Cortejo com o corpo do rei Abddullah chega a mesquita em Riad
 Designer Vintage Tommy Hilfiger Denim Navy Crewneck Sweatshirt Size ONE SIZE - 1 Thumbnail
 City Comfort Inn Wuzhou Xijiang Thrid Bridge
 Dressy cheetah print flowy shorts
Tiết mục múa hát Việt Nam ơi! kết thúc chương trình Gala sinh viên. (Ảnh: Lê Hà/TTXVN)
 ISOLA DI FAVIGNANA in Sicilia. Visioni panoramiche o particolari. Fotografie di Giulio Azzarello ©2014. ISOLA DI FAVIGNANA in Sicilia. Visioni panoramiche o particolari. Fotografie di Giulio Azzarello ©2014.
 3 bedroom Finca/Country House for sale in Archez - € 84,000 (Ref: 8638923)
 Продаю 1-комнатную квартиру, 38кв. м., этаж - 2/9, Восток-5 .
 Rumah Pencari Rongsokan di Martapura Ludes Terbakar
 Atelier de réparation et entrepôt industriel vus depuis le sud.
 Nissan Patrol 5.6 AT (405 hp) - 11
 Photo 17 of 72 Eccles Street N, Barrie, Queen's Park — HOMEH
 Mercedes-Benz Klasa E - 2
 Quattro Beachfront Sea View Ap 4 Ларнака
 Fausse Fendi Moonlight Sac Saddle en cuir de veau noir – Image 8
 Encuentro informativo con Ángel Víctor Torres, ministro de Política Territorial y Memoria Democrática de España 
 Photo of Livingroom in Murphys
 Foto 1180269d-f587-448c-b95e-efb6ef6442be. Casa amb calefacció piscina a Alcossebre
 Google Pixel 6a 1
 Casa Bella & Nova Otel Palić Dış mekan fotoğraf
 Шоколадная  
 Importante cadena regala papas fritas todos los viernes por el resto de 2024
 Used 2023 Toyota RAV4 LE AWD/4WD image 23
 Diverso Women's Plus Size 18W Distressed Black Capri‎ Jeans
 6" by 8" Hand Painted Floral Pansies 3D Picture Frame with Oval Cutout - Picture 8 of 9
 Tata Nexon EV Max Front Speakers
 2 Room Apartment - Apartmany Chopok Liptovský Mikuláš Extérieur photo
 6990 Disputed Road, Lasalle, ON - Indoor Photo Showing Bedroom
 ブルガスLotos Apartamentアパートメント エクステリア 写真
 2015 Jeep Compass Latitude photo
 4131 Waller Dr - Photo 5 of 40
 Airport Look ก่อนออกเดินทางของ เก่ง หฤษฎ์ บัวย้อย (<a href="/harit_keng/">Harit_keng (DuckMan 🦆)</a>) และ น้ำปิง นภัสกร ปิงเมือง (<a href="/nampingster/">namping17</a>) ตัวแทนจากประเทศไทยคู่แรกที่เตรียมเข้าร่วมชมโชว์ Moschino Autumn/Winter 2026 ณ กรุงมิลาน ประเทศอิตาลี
__________
Goal of the exercise
Copy every line of the entries above in which "Size" occurs.

Finished exercise
 Designer Vintage Tommy Hilfiger Denim Navy Crewneck Sweatshirt Size ONE SIZE - 1 Thumbnail
 Diverso Women's Plus Size 18W Distressed Black Capri‎ Jeans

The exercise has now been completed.